The following data has a line with "Let's calculate our" and a line with "To learn more". Write out exactly those lines and all the lines between them.

• _Data_:
______

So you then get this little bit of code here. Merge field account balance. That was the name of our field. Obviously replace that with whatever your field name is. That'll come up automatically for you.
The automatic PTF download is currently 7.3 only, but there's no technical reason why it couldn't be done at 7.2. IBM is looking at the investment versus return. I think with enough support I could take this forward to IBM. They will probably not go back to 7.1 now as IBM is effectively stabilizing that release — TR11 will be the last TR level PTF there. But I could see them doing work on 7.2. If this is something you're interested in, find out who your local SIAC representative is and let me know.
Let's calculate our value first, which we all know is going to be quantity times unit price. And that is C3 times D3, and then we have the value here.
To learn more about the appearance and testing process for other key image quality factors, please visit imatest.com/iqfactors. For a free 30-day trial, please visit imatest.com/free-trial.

______

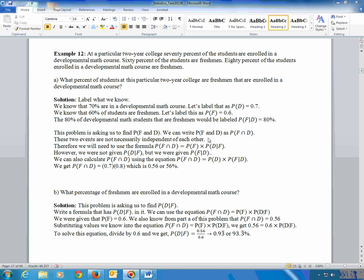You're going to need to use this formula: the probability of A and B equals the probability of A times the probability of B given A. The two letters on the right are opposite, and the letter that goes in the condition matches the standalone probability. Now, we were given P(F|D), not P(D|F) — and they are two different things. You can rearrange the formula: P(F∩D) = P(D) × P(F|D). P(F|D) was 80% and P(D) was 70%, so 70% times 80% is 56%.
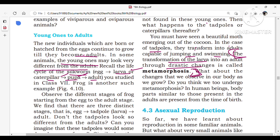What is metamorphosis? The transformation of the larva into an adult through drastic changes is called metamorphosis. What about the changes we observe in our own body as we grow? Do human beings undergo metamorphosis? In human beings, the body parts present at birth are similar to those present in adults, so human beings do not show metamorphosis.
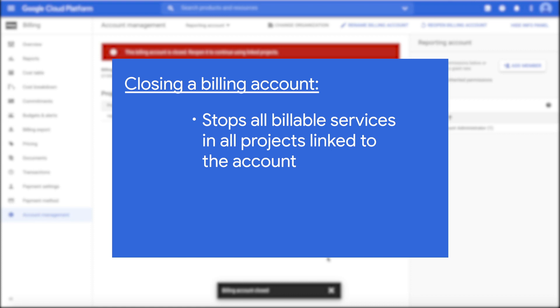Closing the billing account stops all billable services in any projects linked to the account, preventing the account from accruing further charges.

______

• _Response to this task_:
Let's calculate our value first, which we all know is going to be quantity times unit price. And that is C3 times D3, and then we have the value here.
To learn more about the appearance and testing process for other key image quality factors, please visit imatest.com/iqfactors. For a free 30-day trial, please visit imatest.com/free-trial.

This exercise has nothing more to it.